Two Visits to the Daejeon Theater (Korea)

Two Visits to the Daejeon Theater
Richard Wiley (Korea 1967-69)

In 1968, when I was living in Daejeon, Korea, the movie My Fair Lady had a one-week run in at the Daejeon Theater, and I, being a sometimes-homesick Peace Corps volunteer, went to see it.

I had seen My Fair Lady in 1964, when it came out.  Like half of the other nineteen-year-old boys in America, I loved Audrey Hepburn, whose matchless face launched a lot more than 1000 ships, I’m sure.   Helen of Troy had nothing on Audrey.

I also remember wondering, in 1964, how Rex Harrison, debonaire though he was, got away with not singing, but talking his way through all those songs.  I mean, he made, “I’ve grown accustomed to the tune, That she whistles night and noon, Her smiles, her frowns, Her ups, her downs…” sound like the musings of a lone old man going up and down by in an elevator.  He was smooth, though, I had to give him that, and Audrey didn’t sing her songs anyway, Marni Nixon did that.

Another thing I remember about My Fair Lady, is that it was two hours and fifty-five minutes, complete with an intermission!  So, on the day I went to see it in Korea I made sure to choose a Sunday.  Two hours and fifty-five minutes of escaping my clumsy efforts with the Korean language in favor of Eliza Doolittle’s clumsy efforts with standard British English.  Woo hoo!  I could forget myself for a while, right?

Ah, but no such luck, for during the not-so-halcyon 1960s in Korea there were government panels (or maybe just a guy in a room somewhere, I don’t know) who monitored and censored movies for acceptable content.  And for the My Fair Lady censors, at least, singing and dancing was out.  So instead of spending a happy two hours and fifty-five minutes singing along, I was out on the street again in about an hour.  That’s what happens when you cut all the songs from My Fair Lady. Or all but “Get Me to the Church on Time” and that one about the Ascot races.  Not much chance that things might lead to sex in those, I suppose.
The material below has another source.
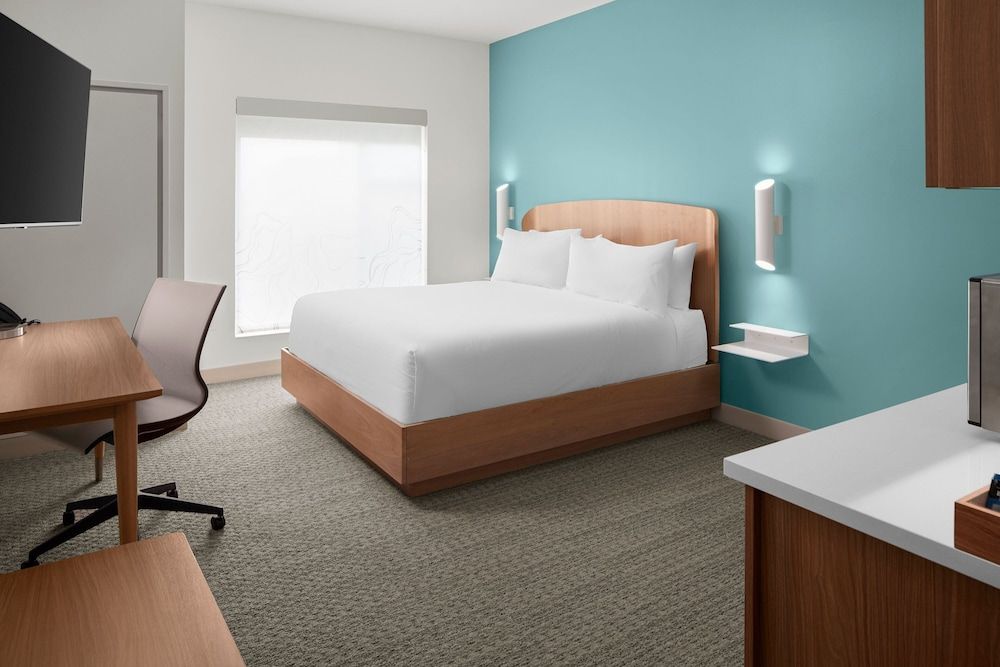 Standard Room, 1 King Bed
Ha ha, right?  Maybe so now, but I went home pretty glum.

No hard feelings toward the theater, though, for a couple of weeks later I was right back in it, this time for Daejeon College’s English language production of Hamlet, a play far superior to My Fair Lady in many ways, not the least of which was that its three hours and fifteen minutes running time outdid My Fair Lady by twenty minutes, even with the songs.

Daejeon college’s version of the play was likely to run longer, however, since none of the actors were fluent in English and most of the play’s language was beyond them.  I know this because I was asked by one of the college teachers to lend a hand by encouraging the kid who would play Hamlet to say lines like, “Alas, Poor Yorick, I knew him Horatio,” without confusing ‘R’ with ‘L’ – in other words, no ‘Yolicks’ or ‘Holatios.’  It was an uphill battle but he was cheerful and willing, so I was in the audience that day, right down front, rooting for him all the way.

He did pretty well, too, everyone did, until, at the conclusion of Act Three, the curtain came down and the manager of the theater bowed his way onstage to say that, much to his chagrin, the theater had been double booked that day, so we would stop now, that is, take a two-hour break from Hamlet in order to present….  Ta Da! The regional finals of the Miss Korea competition!

“Think about it.  The winner will go to Seoul for the finals.  Therefore, you might be seeing Miss Korea today, and also Miss Universe next year!” he said.

We did as we were told, and thought about it.

Until the curtains rose again to an unchanged set – still 15th century Denmark – but with thirty Miss Korea contestants standing in a line and in traditional dress and singing, not, I wish I could say, “I Could Have Danced All Night,” but Arirang, Korea’s quasi-national anthem.

After Arirang they disappeared backstage, then returned in groups of one or two or three to juggle or sing or throw hula hoops around, before coming out all tighter again, dressed in demure one- piece bathing suits.  And when I saw ‘demure’ I mean probably even the My Fair Lady censors wouldn’t have made them change clothes.

I’m not making fun here.  The contest meant a lot to those young women.  And when the winner was announced and came to center stage in tears to receive our applause and significant numbers of bouquets, I gave her a standing ovation, along with everyone else.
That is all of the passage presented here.